● What you are asked to do: Before copying, set aside the pictures; then restate exactly the lines from the one with "Open dining area" through the last line of the records.

[Web page caption snippets]
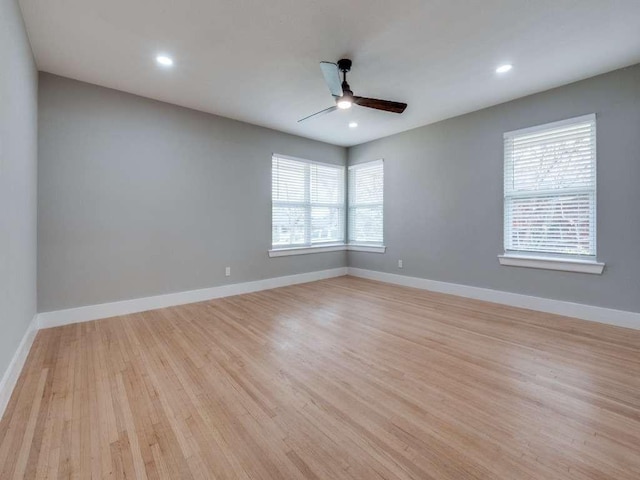 spare room featuring recessed lighting, baseboards, a ceiling fan, and light wood-type flooring
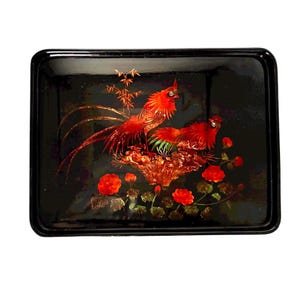 May include: Rectangular black lacquer tray with a vibrant red rooster and floral design. The tray features two roosters, red roses, and green foliage. The tray's glossy finish enhances the rich colors of the artwork.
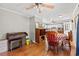 Open dining area with classic piano, view to the kitchen and plenty of seating for entertaining at 1502 Mckeithan St., Conway, SC 29526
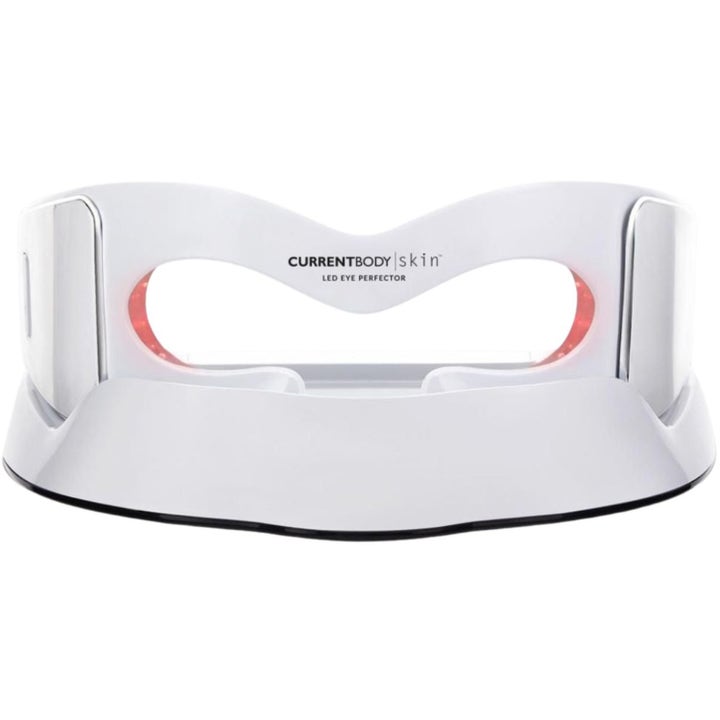 Currentbody Skin LED Eye Perfector hvid øjenmaske mod rynker placeret i en matchende ladestation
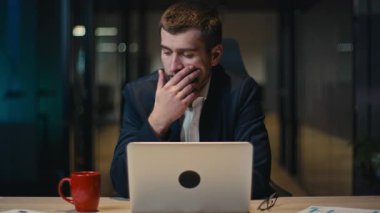 Endişeli işadamı, loş bir ofiste geç saatlere kadar çalışıyor ve bilgisayarına odaklanmış durumda. İş stresi, sorun çözme, iş sorunları, karar verme ve baskı kavramı.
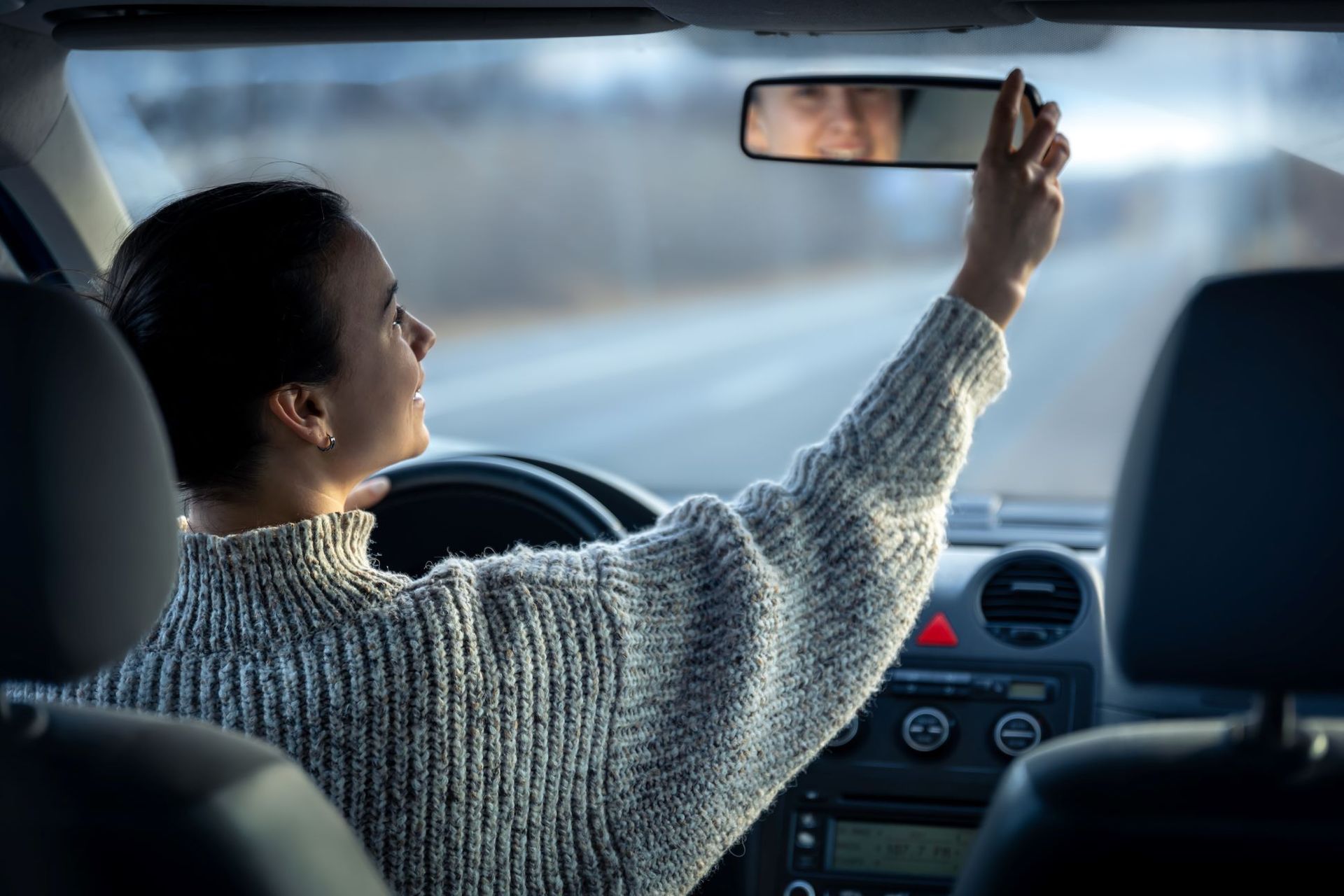 woman smiling, checking rearview mirror inside car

● Exercise output:
 Open dining area with classic piano, view to the kitchen and plenty of seating for entertaining at 1502 Mckeithan St., Conway, SC 29526
 Currentbody Skin LED Eye Perfector hvid øjenmaske mod rynker placeret i en matchende ladestation
 Endişeli işadamı, loş bir ofiste geç saatlere kadar çalışıyor ve bilgisayarına odaklanmış durumda. İş stresi, sorun çözme, iş sorunları, karar verme ve baskı kavramı.
 woman smiling, checking rearview mirror inside car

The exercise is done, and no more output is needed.